**Work request:**
Please, in the data that follows, copy exactly the lines from the line with "On CT screening, there" through the last one, both included. Do not include pictures.

**Dataset content:**
================
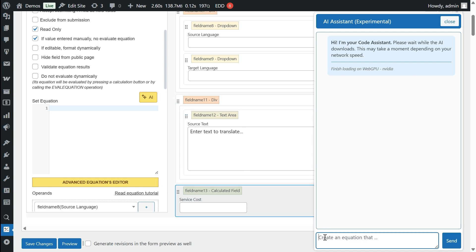Once the model is loaded, all you need to do is describe the equation you require and hit the send button. The assistant will then provide an answer that already incorporates the current form fields.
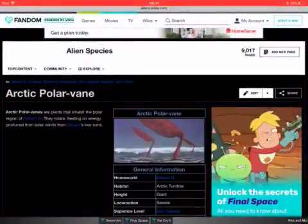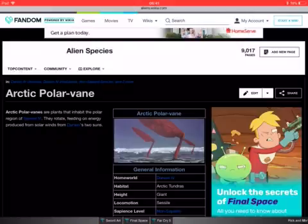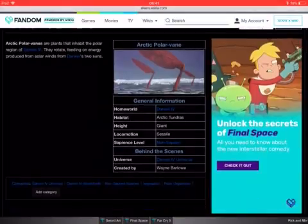Arctic polar vine. Arctic polar vines are plants that inhabit the polar regions of Darwin 4. They rotate feeding of energy produced by the solar winds of Darwin's two suns.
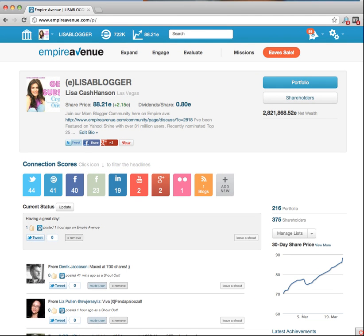Hey everyone, I just want to welcome you to a super quick, easy tour of how to get started using Empire Avenue — these are just the basics.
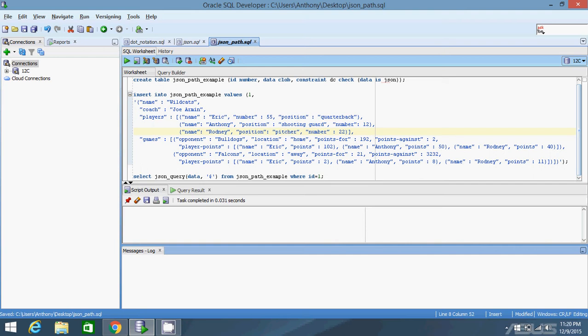We're going to select from the big JSON object in the data column. The first argument to the JSON_QUERY function is the JSON object itself — it can be a column with JSON data, a variable that has JSON in it, or a literal JSON value you hard-code. As long as that first argument is JSON, the second argument will be the path expression, and it can have a special modifier at the end that I'll talk about in a few minutes.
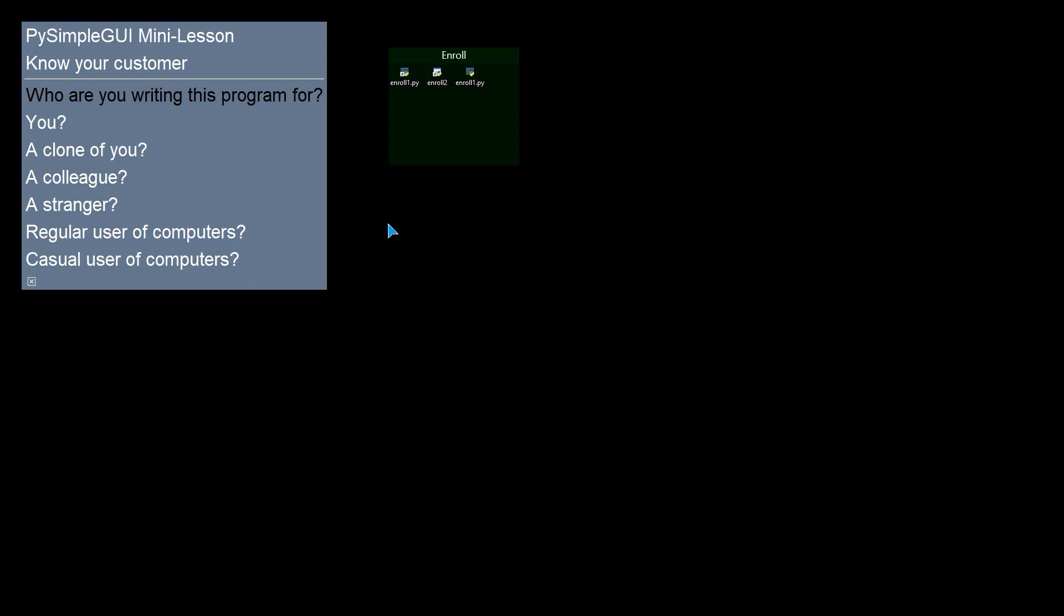And with that in mind, I wrote a couple of enrollment programs. These simply take your name and it will be used later. Let's take a look at these programs.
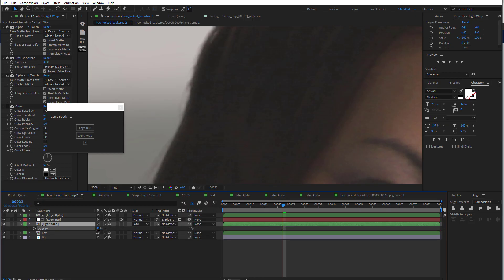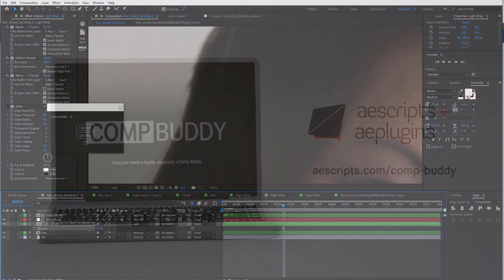Then I could also increase the light wrap just like that. And of course there's more tweaking you can do for the edge blur and light wrap. But just wanted to give a quick demo.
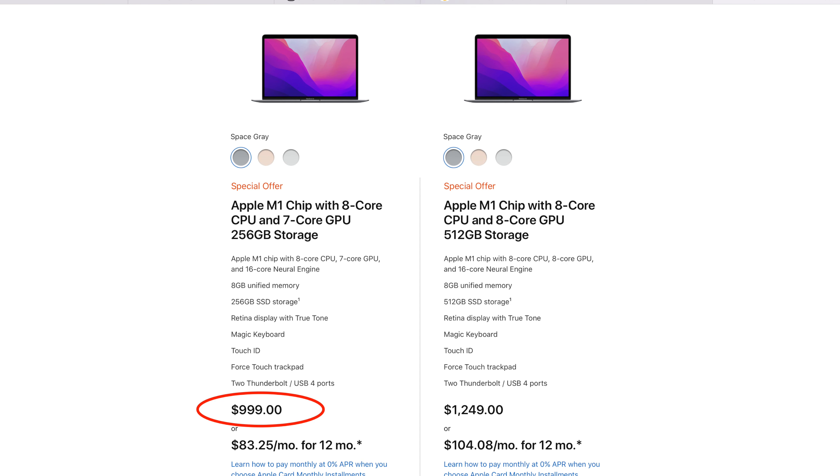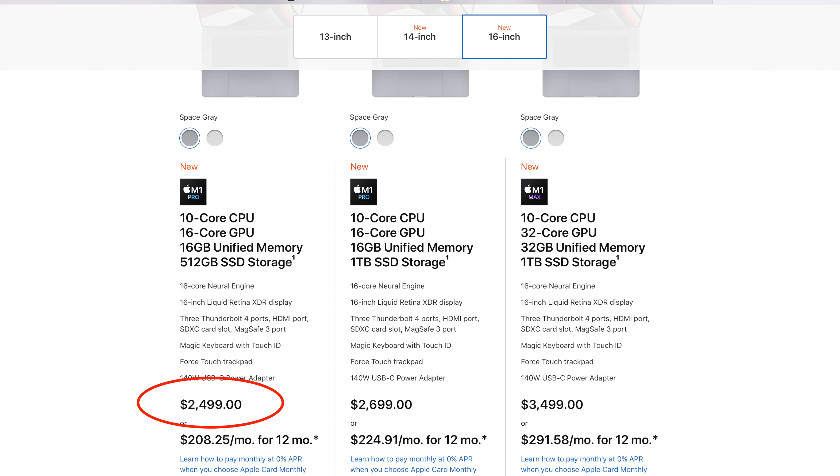Before we even think about whether we should switch to the M1 Pro, the first thing that comes to mind is that you are a student and you can save a lot of money just by choosing the MacBook Air M1. If you go with the base model of MacBook Air M1, it costs around $999, and if you upgrade to 16GB of RAM, that costs just $1,200. Moving to the MacBook Pro with the M1 Pro processor, even the 14-inch model costs around $2,000, and the 16-inch model is $2,500.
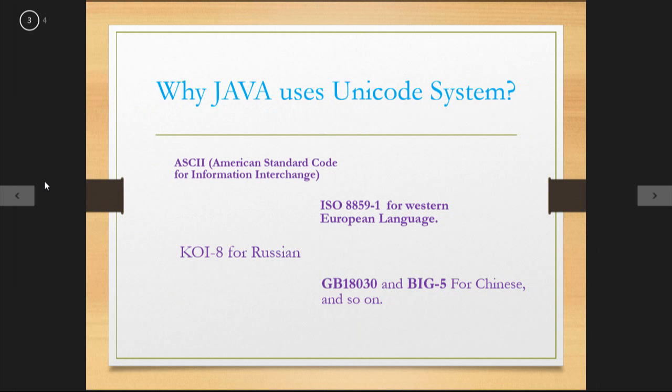Why Java uses Unicode system? This supports different country translator languages in Java. ASCII: American Standard Code for Information Interchange.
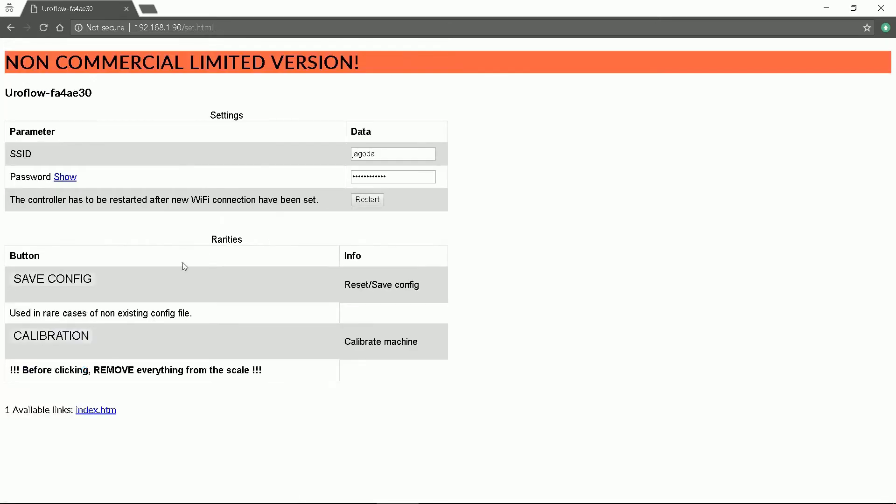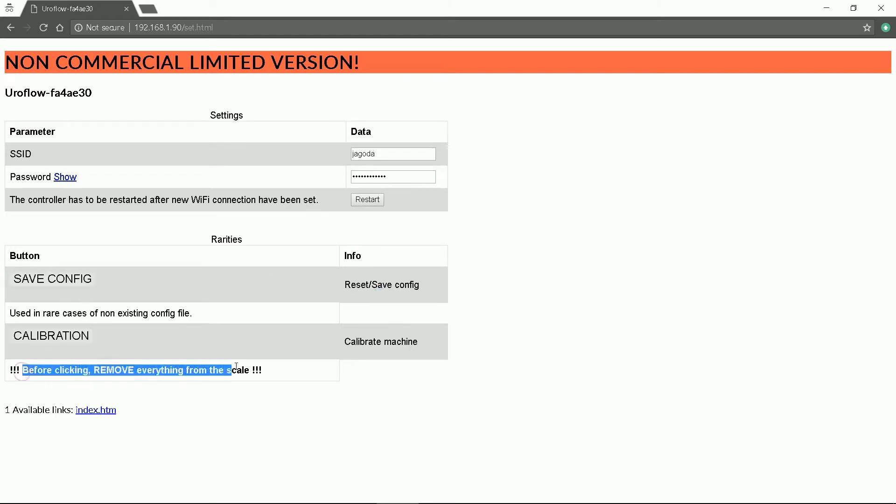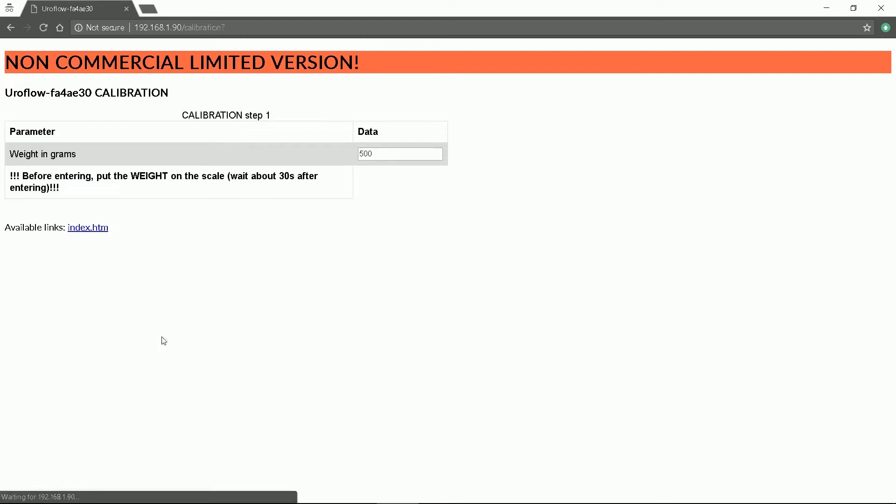Available options here are Wi-Fi settings, configuration, and calibration which we want at the moment. Be sure to follow the instructions. Firstly, remove everything from the scale. Press calibration. Secondly, enter your calibration weight but be sure to put the weight on the scale before pressing enter.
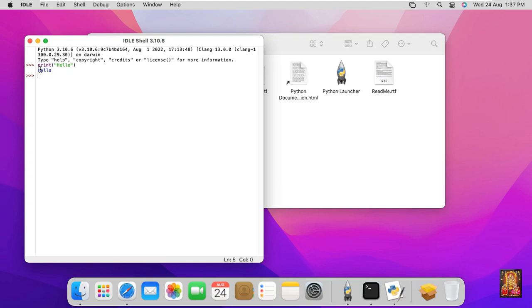In this video you can learn how to download and install Python latest version on macOS Monterey. And press the bell icon for latest updates. Thank you.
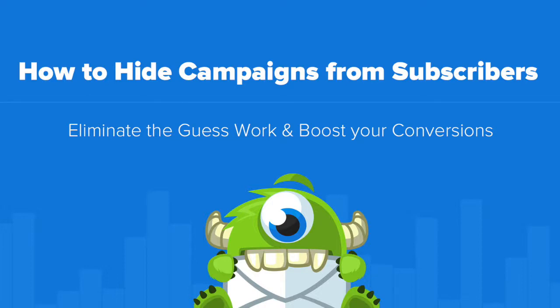Hello and welcome to OptinMonster. In this video, we'll teach you how to hide your OptinMonster campaigns from your email subscribers.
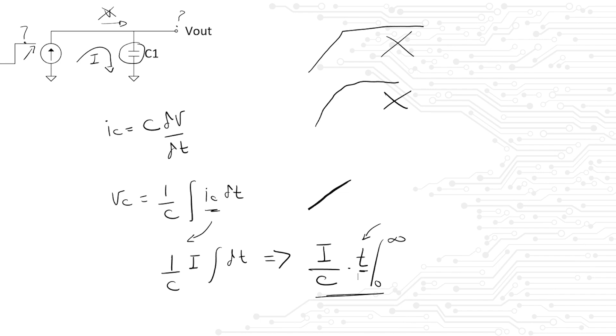Of course, if you already knew the answer to this question, you would have thought it was the simplest thing in the world. But you would not believe how many people fall into this trap, and it suddenly ruins the entire interview because the interviewer realizes that you do not understand how capacitors work.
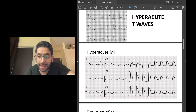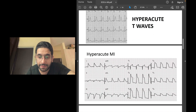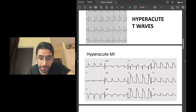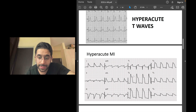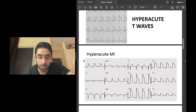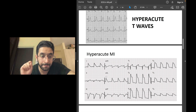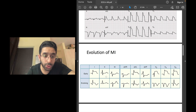In this next ECG showing a hyperacute MI, the tall peaked T waves have merged with the elevated ST segment, so the picture represents an elevated ST segment and a tall peaked T wave joined together. These are ST elevations and hyperacute T waves in V2, V3, V4, V5, V6, lead 1, and AVL — representing an extensive anterolateral ST elevation MI.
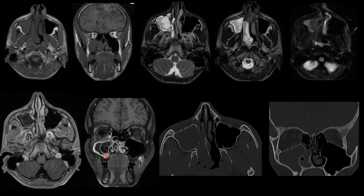On CT screening, there is erosion of the medial wall of the maxillary sinus and lateral wall of the nasal cavity, and erosions of the right inferior turbinate, middle turbinate, and uncinate process.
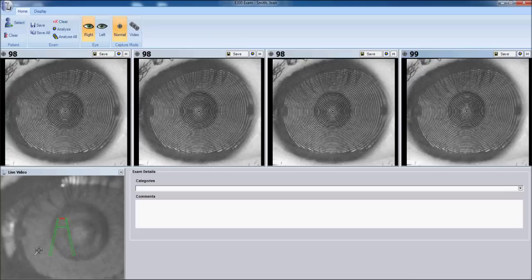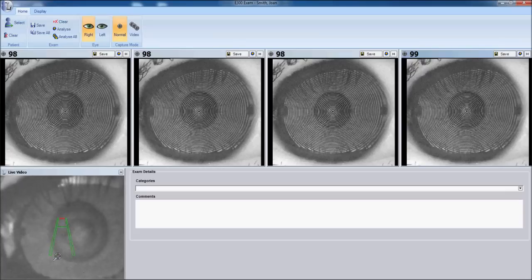This concludes the section on capturing with your Medmont E300 corneal topographer.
================
**Response area:**
On CT screening, there is erosion of the medial wall of the maxillary sinus and lateral wall of the nasal cavity, and erosions of the right inferior turbinate, middle turbinate, and uncinate process.
This concludes the section on capturing with your Medmont E300 corneal topographer.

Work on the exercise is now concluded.